DATA IN THIS EXERCISE: Begin

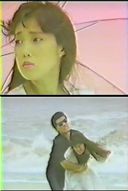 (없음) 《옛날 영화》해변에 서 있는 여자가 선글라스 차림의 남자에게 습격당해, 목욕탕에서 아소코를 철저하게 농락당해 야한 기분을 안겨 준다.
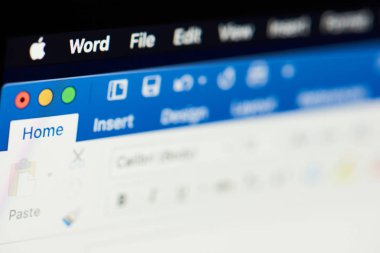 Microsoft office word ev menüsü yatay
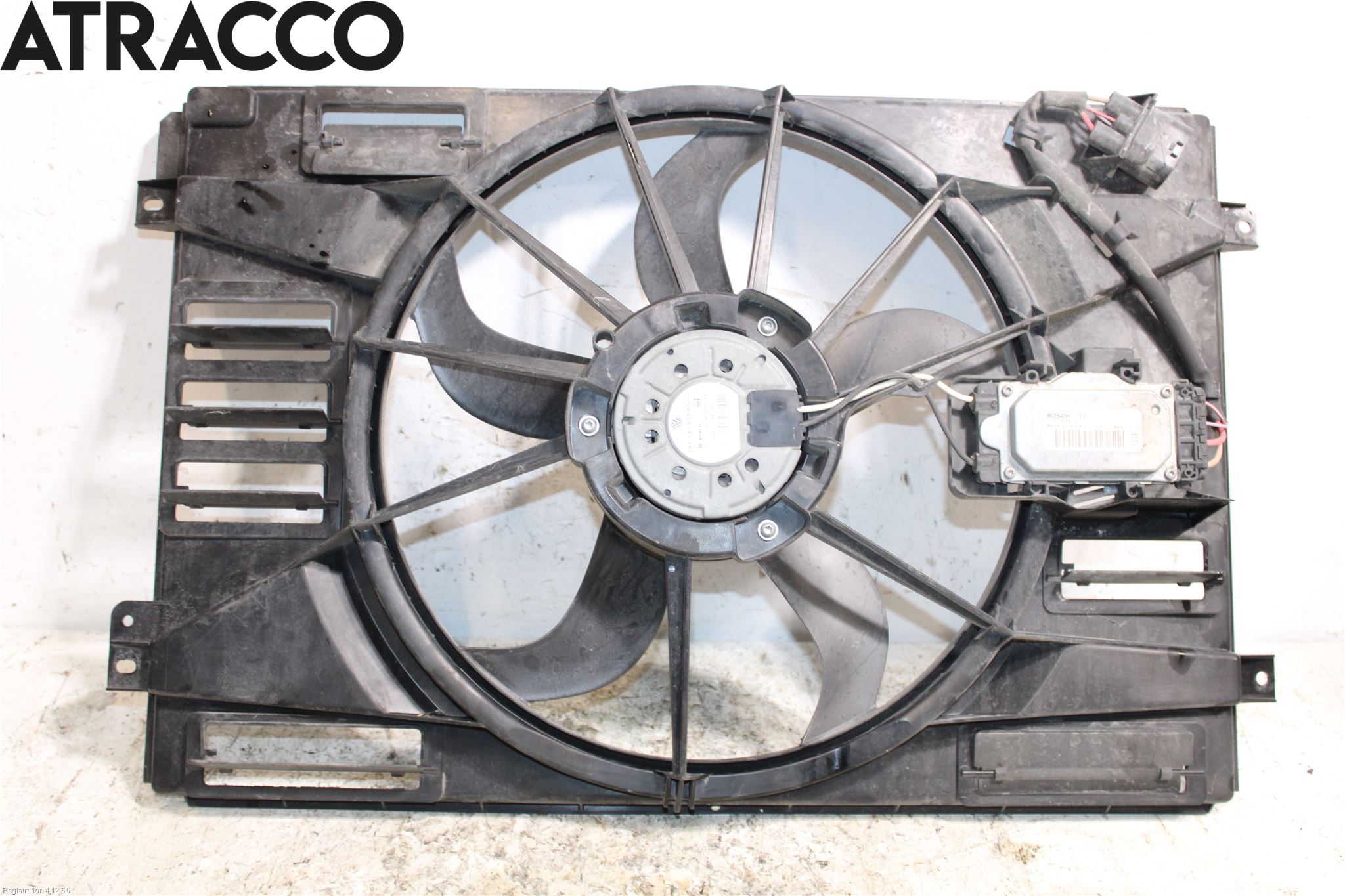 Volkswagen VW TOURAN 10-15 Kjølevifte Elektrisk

DATA IN THIS EXERCISE: End
DATA IN THIS EXERCISE: Begin

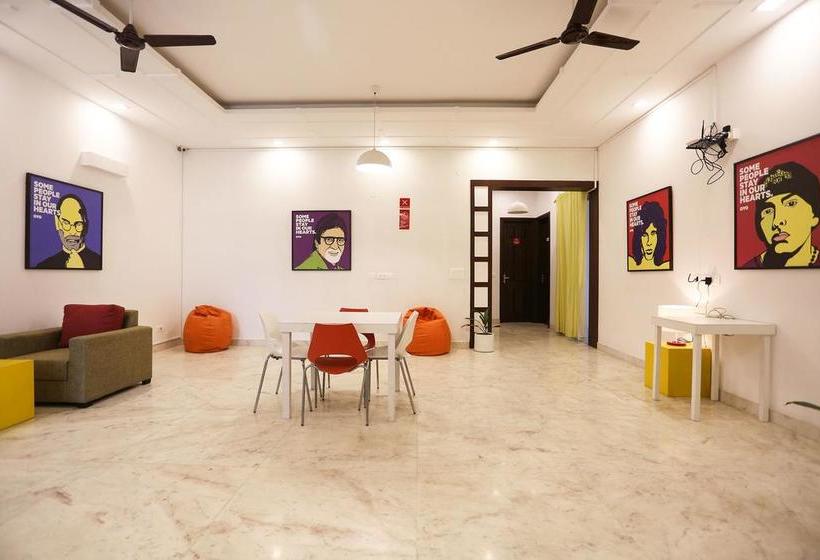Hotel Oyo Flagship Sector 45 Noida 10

DATA IN THIS EXERCISE: End
DATA IN THIS EXERCISE: Begin

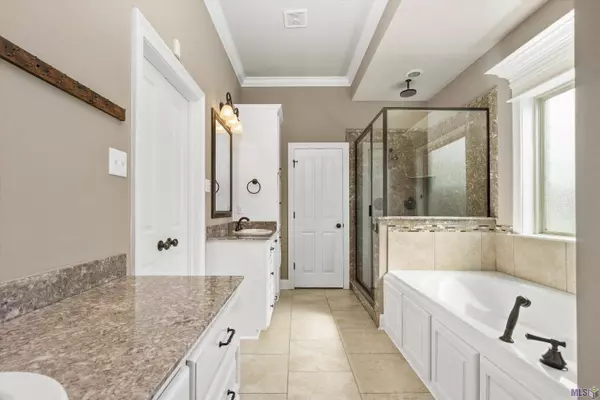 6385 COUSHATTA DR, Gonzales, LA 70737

DATA IN THIS EXERCISE: End

• _EXERCISE REQUIREMENTS_
Using the data above, transcribe exactly the lines between those containing "(없음) 《옛날 영화》해변에" and "Volkswagen VW TOURAN", inclusive, and leave every picture behind.

• _FINAL ANSWER_
 (없음) 《옛날 영화》해변에 서 있는 여자가 선글라스 차림의 남자에게 습격당해, 목욕탕에서 아소코를 철저하게 농락당해 야한 기분을 안겨 준다.
 Microsoft office word ev menüsü yatay
 Volkswagen VW TOURAN 10-15 Kjølevifte Elektrisk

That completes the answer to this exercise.